Here's what you actually need: the full tolerance tables, what each class means in practice, how to call it out on a drawing, and where engineers consistently get it wrong.
ISO 2768 is an international standard that defines general tolerances for machined parts - the default permissible deviations applied to any dimension on a drawing that doesn't have its own explicit tolerance. It was published by the International Organization for Standardization (ISO) and remains the most widely used general tolerancing standard in manufacturing.
Think of it as the safety net for your drawings. Instead of tolerancing every single linear dimension, angular dimension, and geometrical feature individually, you write “ISO 2768-mK” in the title block and the standard does the rest.
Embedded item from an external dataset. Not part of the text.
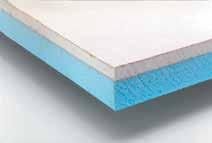 TECHNICAL DETAILS Styrofoam STYROFOAM*, the extruded polystyrene foam material developed by DOW Construction Products** is much more than a remarkably effective thermal insulant.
The standard has two parts:
Both parts are typically called out together as a single designation like “ISO 2768-mK” - where the lowercase letter refers to Part 1 (dimensional class) and the uppercase letter refers to Part 2 (geometrical class).
Sidenote. ISO 2768 was first published in 1989 and hasn't been formally revised since. A draft revision (ISO/DIS 2768) reached DIS stage in 2025, with key changes including removal of the rejection rule and restriction of scope to linear and angular sizes only. The 1989 version remains the active standard as of 2026.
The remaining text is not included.